Top of Data for analysis

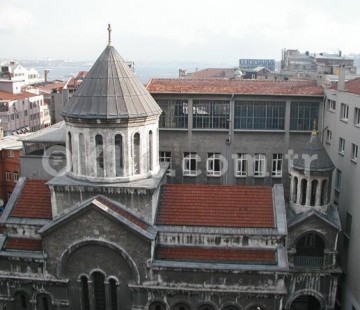 Özel Beyoğlu Getronagan Ermeni Anadolu Lisesi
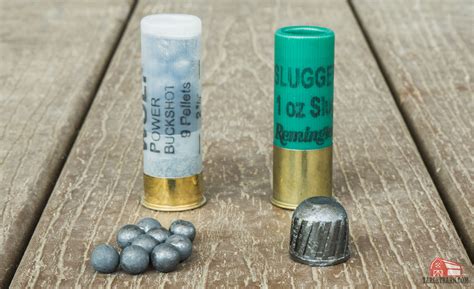 Ammunition for Mossberg International 715p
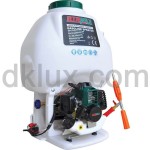 Бензинова моторна пръскачка с 3 накрайника 25л. RTR 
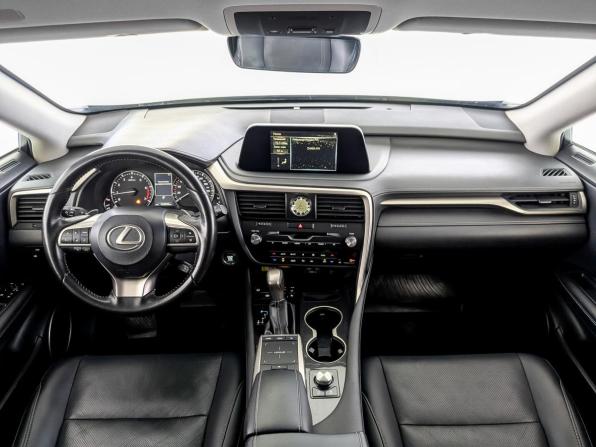 Lexus RX IV Рестайлинг с пробегом 2019 года, цена 4 590 000 рублей, 134329 км, внедорожник, Автокод Объявления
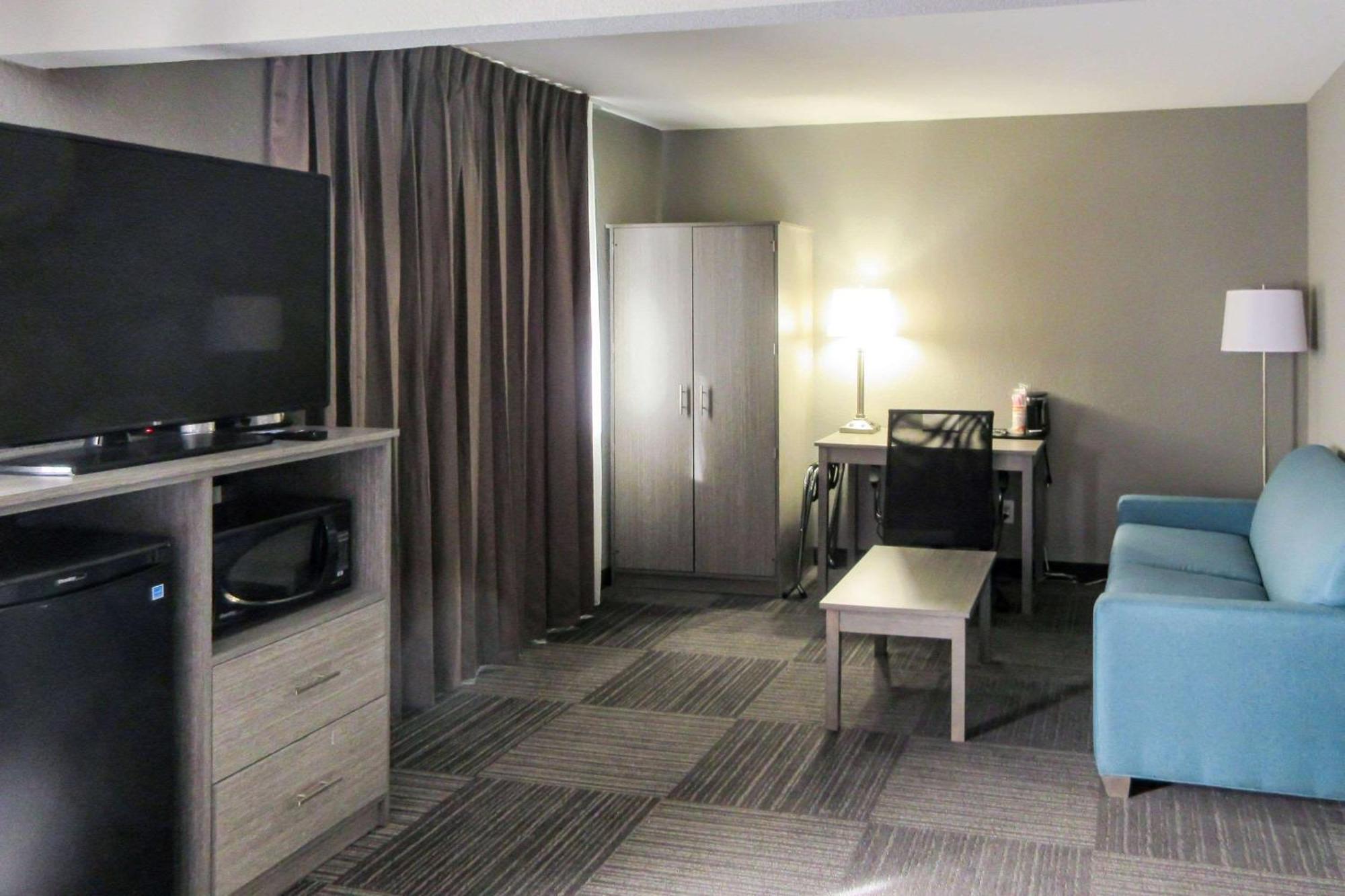 Quality Inn & Suites Hammond Near I-8090 Extérieur photo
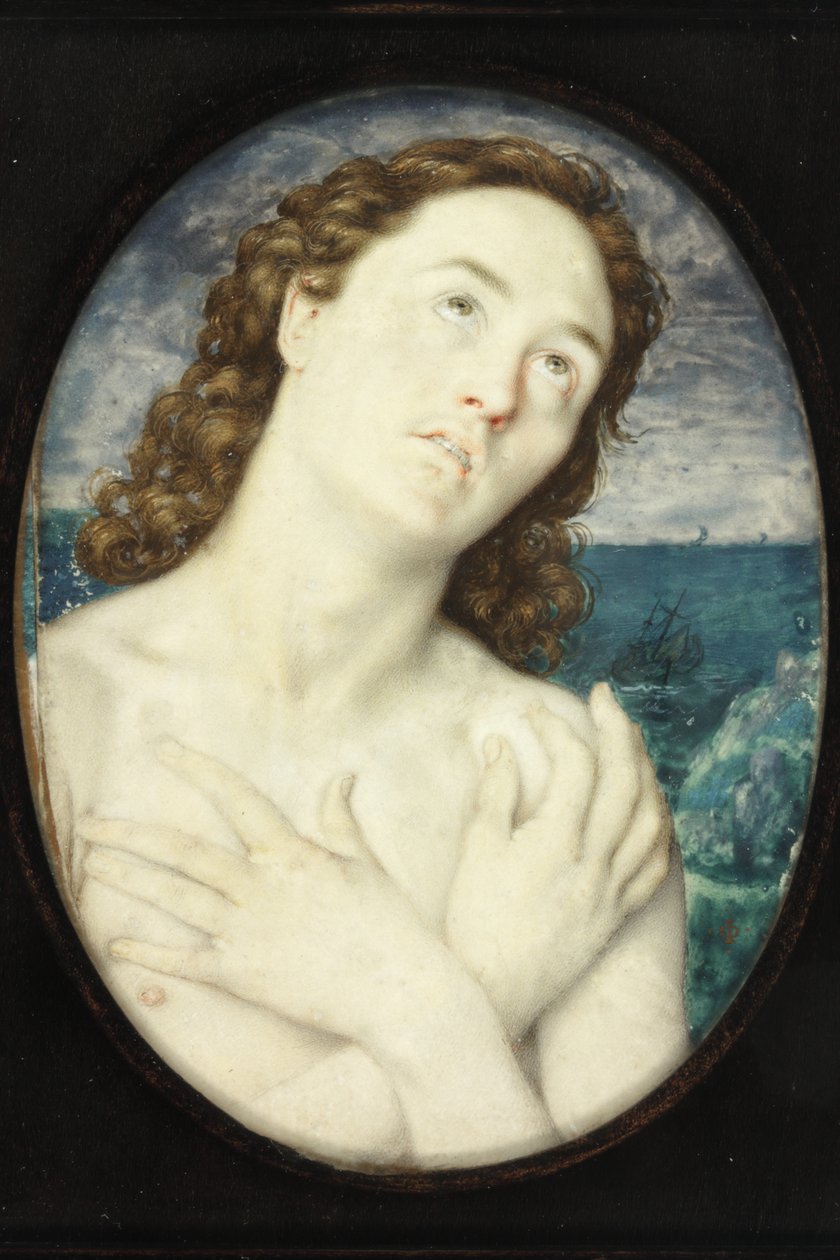 Der verlorene Sohn von Isaac Oliver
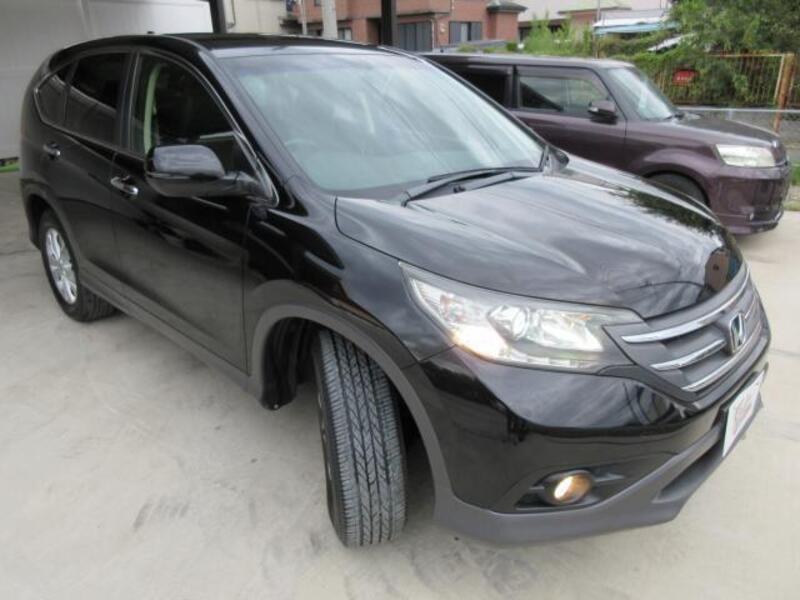 CR-V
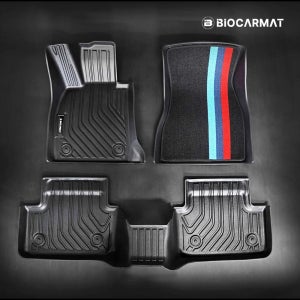 바이오 카매트 BMW 8세대 5시리즈 G60 / i5 / M5 G90 입체 카매트 3D 실내매트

Bottom of Data for analysis

● Directions for this task:
An image-free, exact version of the listing above is required.

● Solution below:
 Özel Beyoğlu Getronagan Ermeni Anadolu Lisesi
 Ammunition for Mossberg International 715p
 Бензинова моторна пръскачка с 3 накрайника 25л. RTR 
 Lexus RX IV Рестайлинг с пробегом 2019 года, цена 4 590 000 рублей, 134329 км, внедорожник, Автокод Объявления
 Quality Inn & Suites Hammond Near I-8090 Extérieur photo
 Der verlorene Sohn von Isaac Oliver
 CR-V
 바이오 카매트 BMW 8세대 5시리즈 G60 / i5 / M5 G90 입체 카매트 3D 실내매트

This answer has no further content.